Anyway, Anna still writes to me every once in a while, and I'm not really sure why. It's not as though we work in the same area, or have similar interests, or are meeting somewhere or anything. It just boggles me. She says stuff like how I'm the only one she talks to online, and I'm the only one who never is mean to her and stuff like that. And I don't really initiate contact with her often, she does it on her own accord. I guess in her mind, she really does see me as a good friend, but one she can kind of drop in on whenever she feels like it, or something.
She is like a spectre in my life. I'm slowly growing up and getting more comfortable with myself and with life, and I'll go about my business, doing whatever, and every once in a while I'll see that familiar silhouette flitter across the light in an ethereal fashion and pass along as quickly as it came. A constant reminder of the happy times I had as a young man.
One time she gave me a book to read, The Legendary Girlfriend, which was about some loser bloke in England who never got over his last girlfriend. He didn't know why they broke up, and no one ever compared afterwards. Another Estella. The kind of woman who's perfect in every way except in her love for you. Which is really the only thing that matters in the long run. The kind of woman who you had a chance encounter with but has high aspirations and wants to travel the world and not have any attachments to stop her from being an independent, powerful woman. The kind of woman who consumes a man's life.
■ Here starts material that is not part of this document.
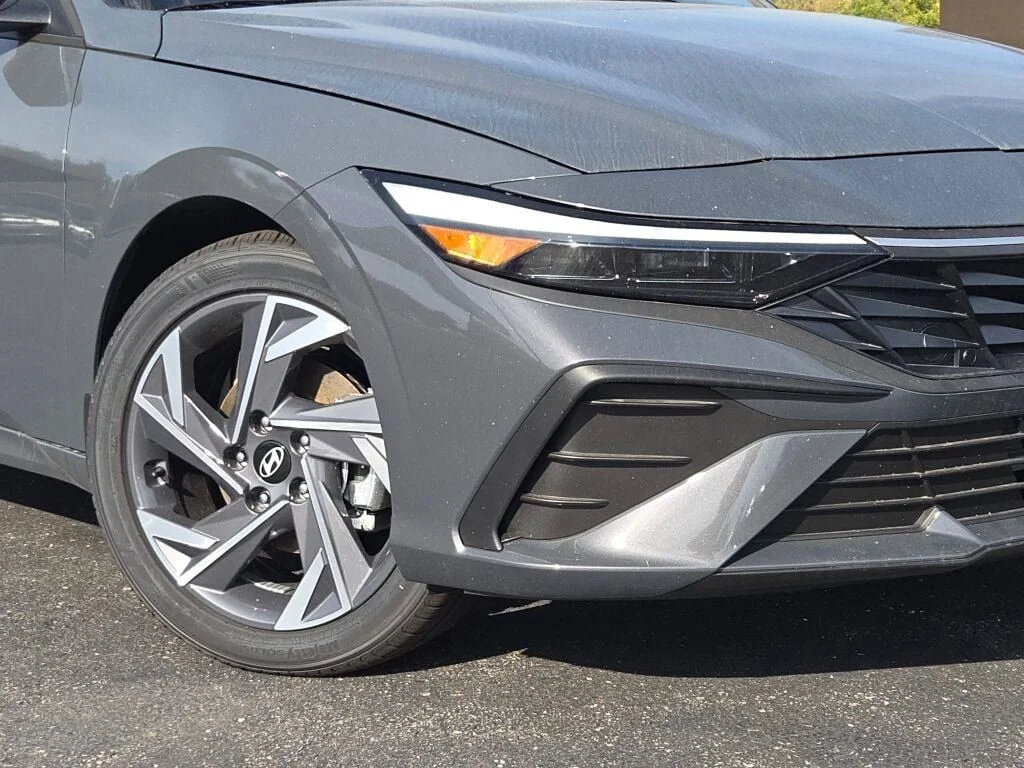 Used 2025 Gray Hyundai SEL Sport image 3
So over time the guy keeps thinking about her and eventually tries to get her attention again but finds out she's with some guy who's obviously better than he is, and he gets all sad and finds out that some chick he's been telling all his problems to the whole time is the one he really loves, and then of course in the end the legendary girlfriend was touched by his display of affection despite her boyfriend being there and wants to get back with him, but at that point he's blah blah blah.
I'm not addicted to her. I just haven't gotten a new girlfriend to replace the thoughts with. I like her a lot, and I'm interested in what she's doing, but being nice only gets you so far. I've offered to do some nice things for her out of friendship but she won't have it. In that way it really doesn't feel like I'm part of this "friendship", because I'm really not doing anything for it. I talk to her, but I don't demand her attention. We're more like acquaintances. Or penpals.
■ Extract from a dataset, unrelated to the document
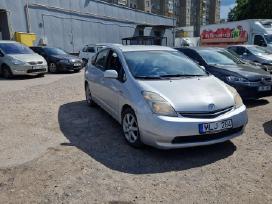 Prius hybridas, dujos 110€ sav.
So perhaps eventually I'll become extremely successful like Pip did and become my own man and all that shit. I'd like that. I don't feel a drive to be successful just for myself. All I'd like is to be part of life, to have access to things I'm interested in, and so on. If anything, I want to have enough money to be able to take care of people I'm close to, to be the provider and helper to people who deserve it. I don't need anything in return, I just want to do nice things for people. I want to make others happy, secure.
Right now I can't do that because I am alone, and young, trying to make a living for myself, first and foremost. Which as I said leaves me plenty of time for thinking about the past.